TANK: "This Means War" (French Release) - A Blitz of NWOBHM Fury
Album Description:
I know exactly when this one grabs me: late afternoon, mug of coffee going cold, sleeve out on the table, and that French Bernett reissue staring back like it wants a fight. It is still "This Means War" (released 10 June 1983), but France gave it a different jacket in 1984 (Bernett Records, SB 18012) and that little detour is half the fun for a collector. The music stays blunt. The packaging gets weird. Perfect.
Side A opens with "Just Like Something from Hell" and it does not stroll in politely. It storms in. Eight-and-a-half minutes of TANK stretching the frame until the edges creak, then "Hot Lead, Cold Steel" comes swinging right after. By the time the title track hits, the room already sounds like it has dents in it.
The big change here is the guitars: this is Peter Brabbs and Mick Tucker, not the later Tucker/Evans pairing people mix up when they talk about mid-80s TANK. Tucker (ex-White Spirit) thickens the sound, Brabbs keeps that jagged bite, and Algy Ward barks from the bass position like he is refusing to step forward on principle. Mark Brabbs on drums keeps it driving, not fancy, not cute, just relentless forward motion.
Production credit goes to John Verity. I am not calling him "legendary" like I am reading a press release aloud, but I will say this: the record has that hard, practical punch that makes the riffs feel close enough to scrape your knuckles. And there is a very specific bit of lore tied to the sessions: stories put the recording in Verity's studio up in Bradford, which somehow fits the vibe. This is not manor-house metal. This is boots-on-floor metal.
The sleeve story is its own small soap opera. TANK ended up with multiple cover versions for "This Means War," and the band were not shy about hating at least one of them (the infamous "monster pizza" look). So when I see the French Bernett version, I do not just think "alternate artwork." I think: someone, somewhere, tried to fix a mistake after the fact.
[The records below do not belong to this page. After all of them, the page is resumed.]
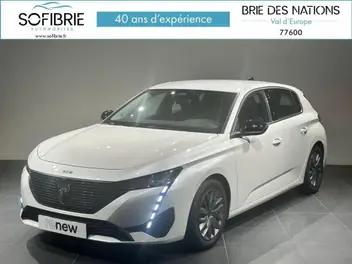 peugeot-308-iii-2022-manual-1229-km-essence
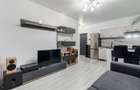 Apartament 2 camere Militari Residence - 7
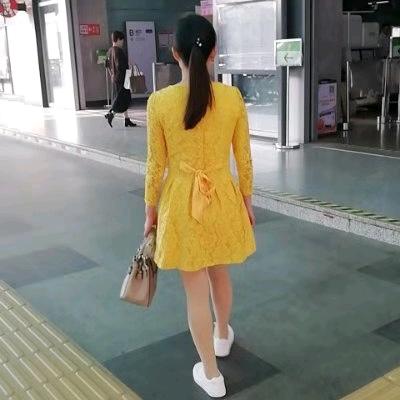 马姐姐🌹🌹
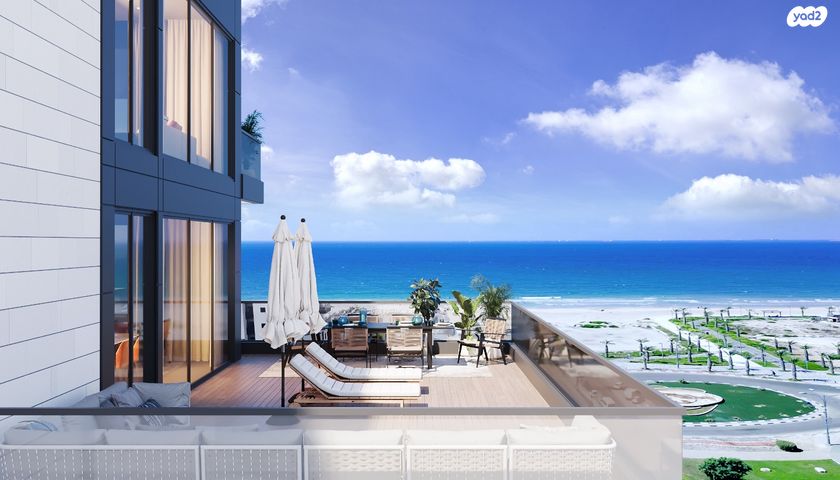 שדרות מח"ל 29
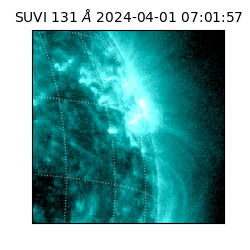 suvi - 2024-04-01T07:01:57.572000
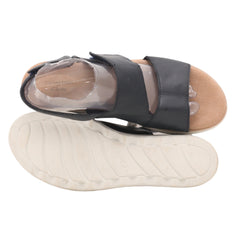 Collection By Clarks Women's Sandals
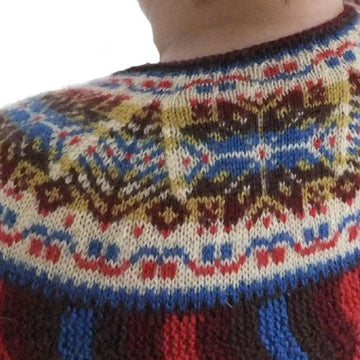 Jolbeth top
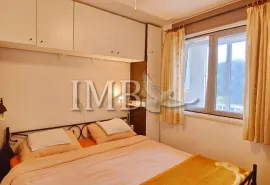 Kompletno renoviran stan cca 68 m2 | Podijeljen u 2 jedinice | Izvrsna lokacija! | Dubrovnik, Lapad, Dubrovnik, Διαμέρισμα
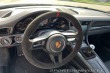 Porsche 911 GT3 TOURING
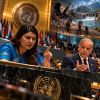 ‘Terror Will Bring Repercussions’: India Rebukes Pakistani PM Shehbaz Sharif at UN General Assembly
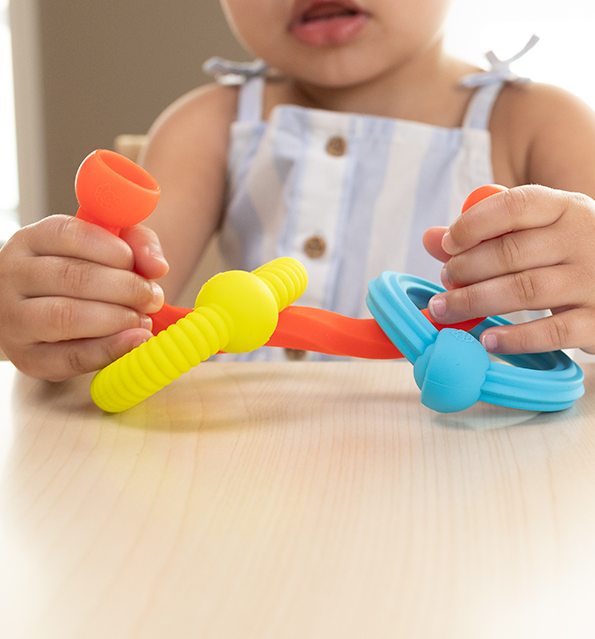 Fat Brain Toys Fat Brain Toys Plip Grips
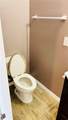 11152 Leland Groves Drive - Photo 7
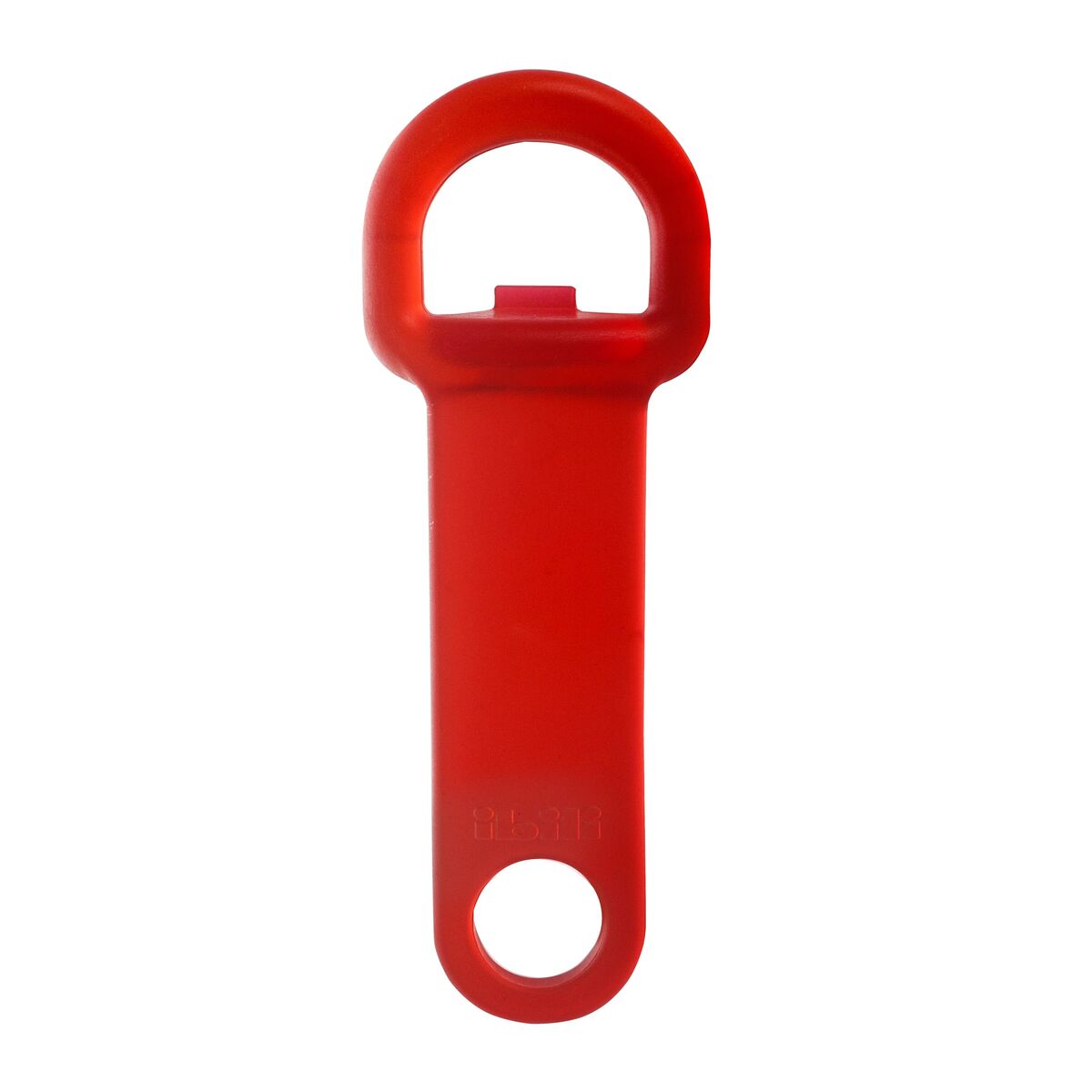 V2HB4AF26739D24D01B7CC8111E985D533ER7586815P8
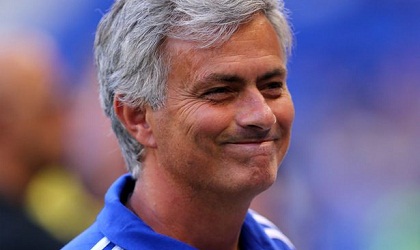 Được chi tiền, Chelsea chuẩn bị ra mắt 3 tân binh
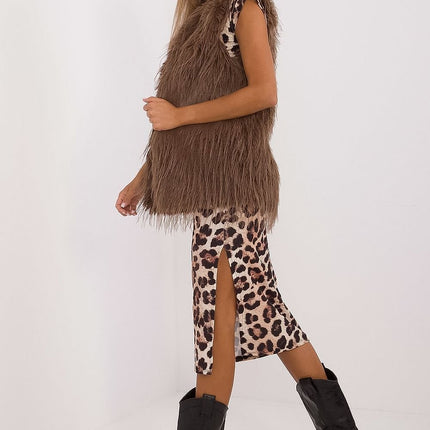 Women's Gilet AT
Heavy metal history is basically that, over and over, with louder amplifiers.
Flip to Side B and the record tightens its grip: "Laughing in the Face of Death" and "(If We Go) We Go Down Fighting" sound like they were written with a clenched jaw. Then it closes with "Echoes of a Distant Battle" - not a neat goodbye, more like the lights come up and you realise your ears are still ringing. Which is the correct outcome.
References / citations
- Vinyl-Records.nl: French Bernett release page (high-res cover photos)
- Encyclopaedia Metallum: "This Means War" (1983 release details)
- Encyclopaedia Metallum: Bernett Records France (SB 18012) reissue
- MusicBrainz: Bernett Records SB 18012 (France, 1984)
- Wikipedia: "This Means War" (tracklist, lineup, producer)
- Voices From The Darkside interview (cover variants + Verity session lore)
So yes, this French Bernett sleeve is a collector's itch, but the real reason it matters is simpler: drop the needle and TANK still sound like they are arguing with the walls. And if your room does not complain a little, you are not playing it properly.